NASHVILLE, Tenn. — PBS Chief Programmer and General Manager Perry Simon unveiled several programming approaches at the PBS Annual Meeting Thursday, including thematic quarterly program initiatives planned up to several years in advance.
The initiatives “are curated collections of programs across all platforms built around specific content themes that are locked in and announced several months or even years in advance,” Simon said. They “will provide a cornerstone for station planning, development and engagement efforts, and will help you to stand out and compete in a crowded environment,” he said.
The announcement drew applause from the crowd of some 1,400 attendees, an Annual Meeting record according to PBS.
Another new approach Simon described is the presentation of annual “Beacon Events,” which will “shine a spotlight on PBS and your stations by galvanizing all our system resources,” he said.
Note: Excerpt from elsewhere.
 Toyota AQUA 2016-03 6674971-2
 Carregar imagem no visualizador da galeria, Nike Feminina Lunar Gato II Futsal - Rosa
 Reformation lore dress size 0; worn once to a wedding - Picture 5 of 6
Simon said he’d like to build on the success of last season’s Great American Read, in which thousands of readers across America chose the country’s favorite novel.
“We need to ensure that at least once a year, PBS is a major part of the local and national conversation,” Simon said. Beacon Events “will also provide major rallying points for your engagement and development efforts,” so PBS is anticipating planning time of at least a year to ensure adequate coordination with stations, he said.
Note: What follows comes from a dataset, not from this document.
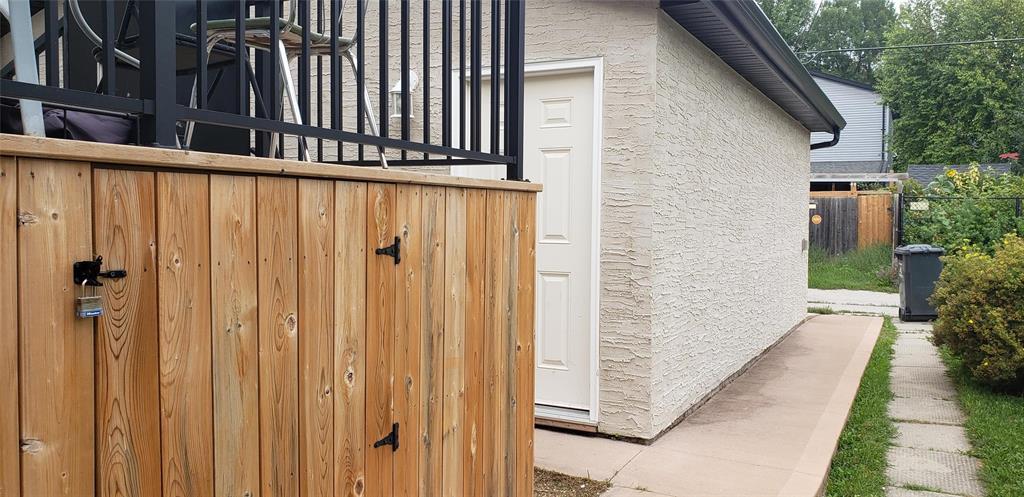 1009 Manitoba Avenue Property Photo 38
Simon said he also wants to focus on “recurring, affordable series that are personality-driven when possible” to complement icon programming. He cited Finding Your Roots, now in its sixth season, as a prime example. Host Henry Louis Gates Jr. “has truly become a bona fide face of PBS,” he said, and the show is one of PBS’ highest-rated. It also features a racially diverse range of guests.
“I can tell you from personal experience, establishing new series requires patience and faith,” Simon said. “It’s not for the faint of heart. But we can and we will get there.”
Simon also shared “a few fresh-eyed observations” on PBS content since his tenure began last September.
“Too much of our great programming gets lost amidst the clutter of consumer media choices,” he said. The network also needs to “LOL — no, not ‘laugh out loud,’ but ‘leverage our localism,’ and do it at every turn,” Simon said.
“We cannot out-market HBO,” he said. “We can never outspend Netflix. But we can out-localize anybody. Our budgets may be limited, but our mission is mighty. And our local engagement is our not-so-secret weapon.”